DPDK and energy efficiency

Etienne-Victor_Depas · February 22, 2021, 7:27am

Hello folks,

I’ve just followed a thread regarding use of CGNAT and noted a suggestion (regarding DANOS) that includes use of DPDK.

As I’m interested in the breadth of adoption of DPDK, and as I’m a researcher into energy and power efficiency, I’d love to hear your feedback on your use of power consumption control by DPDK.

I’ve drawn up a bare-bones, 2-question survey at this link:

https://www.surveymonkey.com/r/J886DPY.

Responses have been set to anonymous.

Cheers,

Etienne

Douglas_Fischer · February 22, 2021, 11:33am

I’m very happy to see interest in DPDK and power consumption.

But IMHO, the questions do not cover the actual reality of DPDK.
That característic of “100% CPU” depends on several aspects, like:

How old are the hardware on DPDK.
What type of DPDK Instructions are made(Very Dynamic as Statefull CGNAT, ou Static ACLs?)
Using or not the measurements of DPDK Input/Drop/Fowarding.
CPU Affinity done according to the demand of traffic
SR-IOV (sharing resources) on DPDK.

The way I saw, the questions induce the public to conclude that DPDK ALWAYS has 100% CPU usage, which is not true.

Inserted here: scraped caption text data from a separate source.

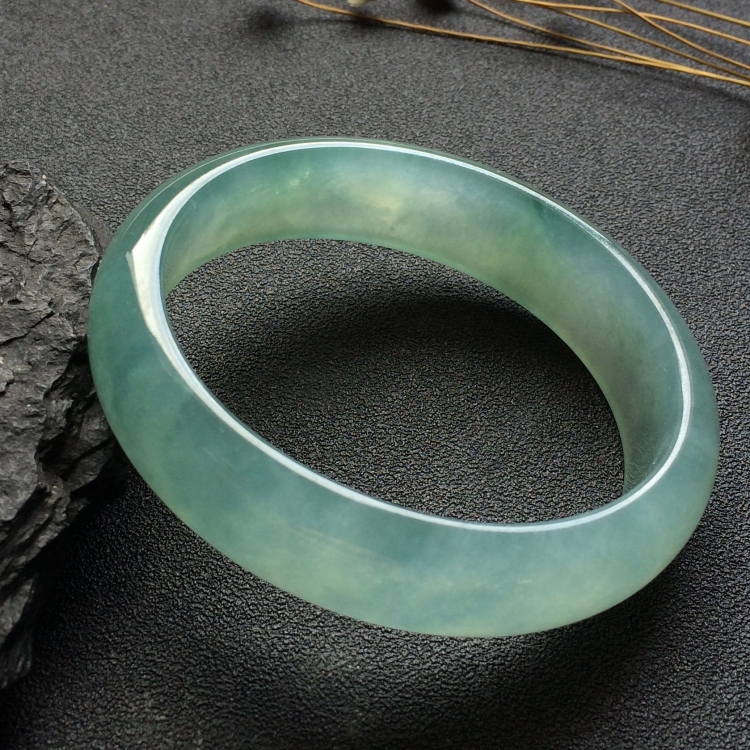 （超值推荐）冰种晴水贵妃镯（56.7mm-49mm）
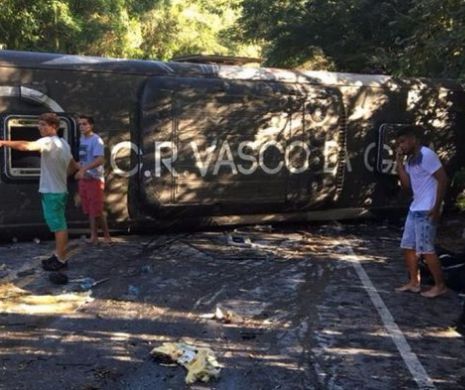 Autocarul unei echipe de fotbal s-a RĂSTURNAT în munți! Situația victimelor - VIDEO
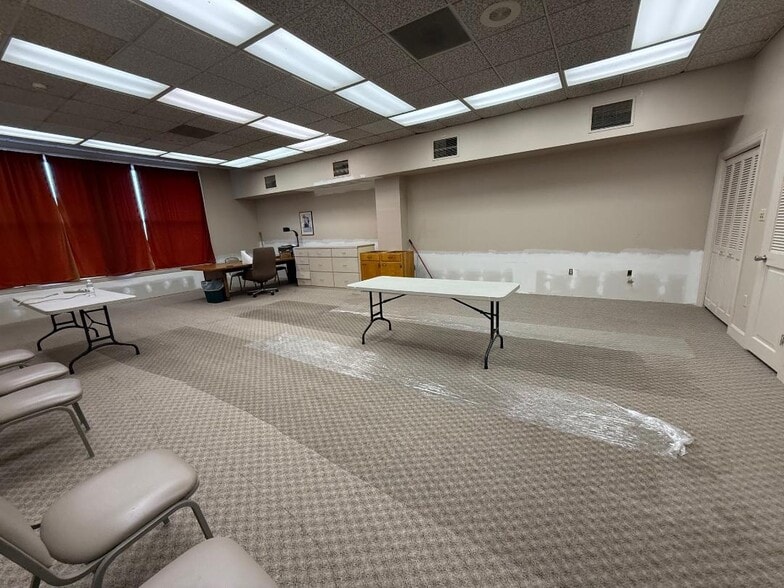 More Photos Of 4201 Blackburn Ave, Ashland Medical For Sale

Etienne-Victor_Depas · February 22, 2021, 11:45am

The way I saw, the questions induce the public to conclude that DPDK ALWAYS has 100% CPU usage, which is not true.

I don’t concur.

Every research paper I’ve read indicates that, regardless of whether it has packets to process or not, DPDK PMDs (poll-mode drivers) prevent the CPU from falling into an LPI (low-power idle).

When it has no packets to process, the PMD runs the processor in a polling loop that keeps utilization of the running core at 100%.

Cheers,

Etienne

Pawel_Malachowski · February 22, 2021, 11:55am

It consumes 100% only if you busy poll (which is the default approach).
One can switch between polling and interrupts (or monitor, if supported),
or introduce halt instructions, in case of low/medium traffic volume.

Etienne-Victor_Depas · February 22, 2021, 12:00pm

Here are a few references.
Strictly speaking, DPDK and SR-IOV are orthogonal. DPDK is intended to facilitate cloud-native operation through hardware independence. SR-IOV presumes SR-IOV-compliant hardware.

[1] Z. Xu, F. Liu, T. Wang, and H. Xu, “Demystifying the energy efficiency of Network Function Virtualization,”
in 2016 IEEE/ACM 24th International Symposium on Quality of Service (IWQoS), Jun. 2016, pp. 1–10.
DOI: 10.1109/IWQoS.2016.7590429.

[2] S. Fu, J. Liu, and W. Zhu, “Multimedia Content Delivery with Network Function Virtualization: The Energy Perspective,”
IEEE MultiMedia, vol. 24, no. 3, pp. 38–47, 2017, ISSN: 1941-0166.
DOI: 10.1109/MMUL.2017.3051514.

[3] X. Li, W. Cheng, T. Zhang, F. Ren, and B. Yang, “Towards Power Efficient High Performance Packet I/O,”
IEEE Transactions on Parallel and Distributed Systems, vol. 31, no. 4, pp. 981–996, April 2020,
ISSN:1558-2183. DOI: 10.1109/TPDS.2019.2957746.

[4] G. Li, D. Zhang, Y. Li, and K. Li, “Toward energy efficiency optimization of pktgen-DPDK for green network testbeds,”
China Communications, vol. 15, no. 11, pp. 199–207, November 2018,
ISSN: 1673-5447. DOI: 10.1109/CC.2018.8543100.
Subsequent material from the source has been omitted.